What is expected. Of the material below, only the lines from the line containing "Planche originale face" down to the line containing "2004 Ford F250" belong in the answer, written out exactly.

Provided information.

* * * * *

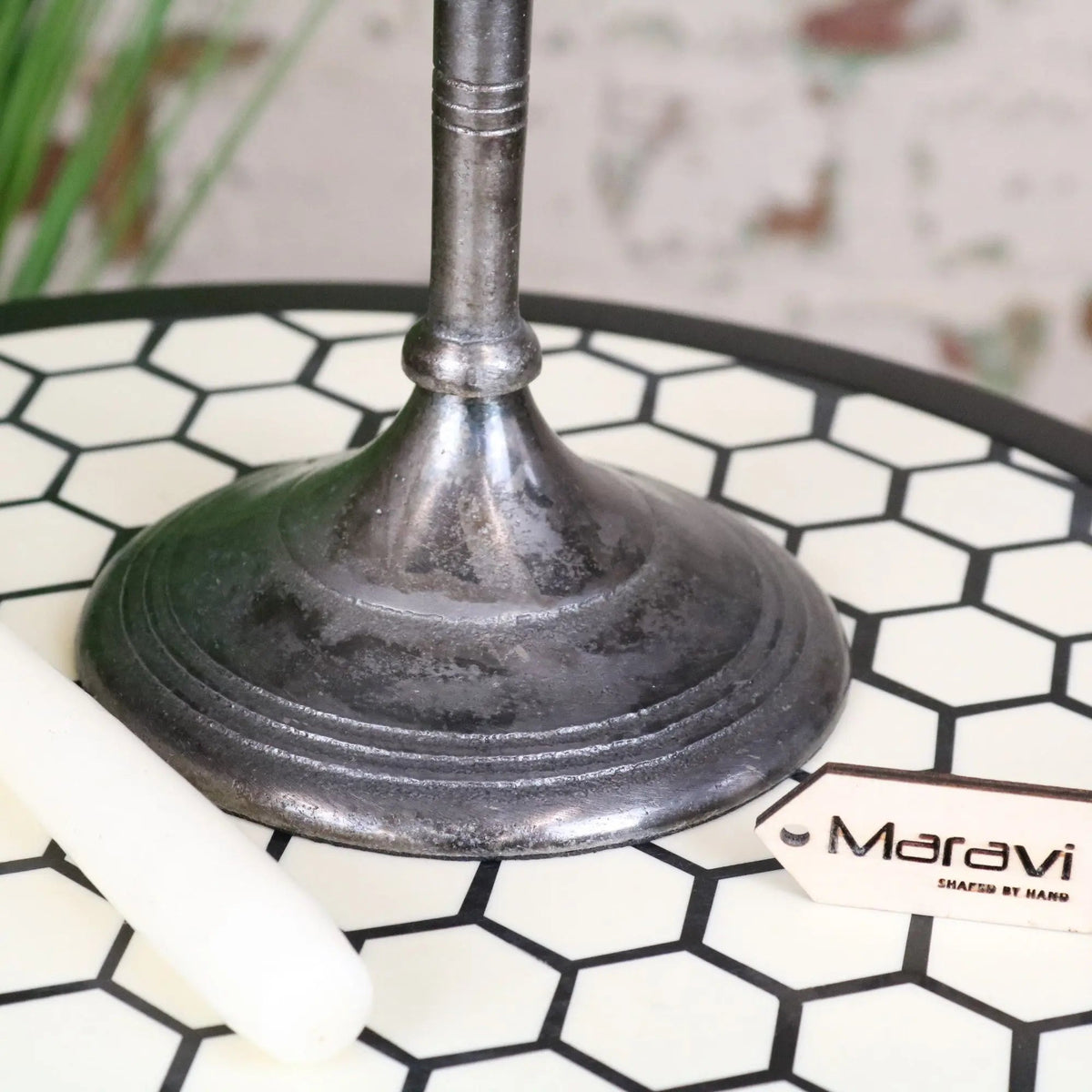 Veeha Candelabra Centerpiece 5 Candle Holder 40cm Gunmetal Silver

* * * * *

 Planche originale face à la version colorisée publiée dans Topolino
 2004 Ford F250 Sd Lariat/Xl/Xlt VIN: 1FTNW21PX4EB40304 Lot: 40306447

* * * * *

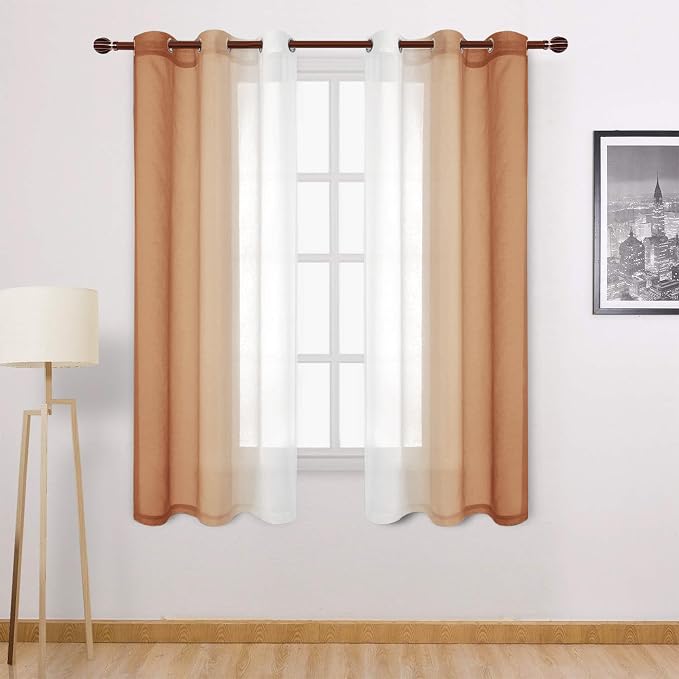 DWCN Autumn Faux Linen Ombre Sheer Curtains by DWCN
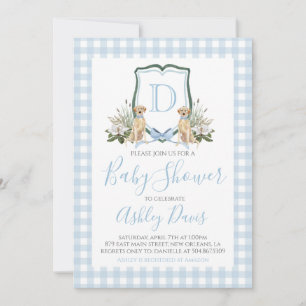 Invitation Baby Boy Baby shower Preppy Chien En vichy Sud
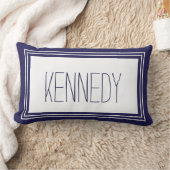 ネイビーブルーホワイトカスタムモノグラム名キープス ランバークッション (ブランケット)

* * * * *

Result of this task.
 Planche originale face à la version colorisée publiée dans Topolino
 2004 Ford F250 Sd Lariat/Xl/Xlt VIN: 1FTNW21PX4EB40304 Lot: 40306447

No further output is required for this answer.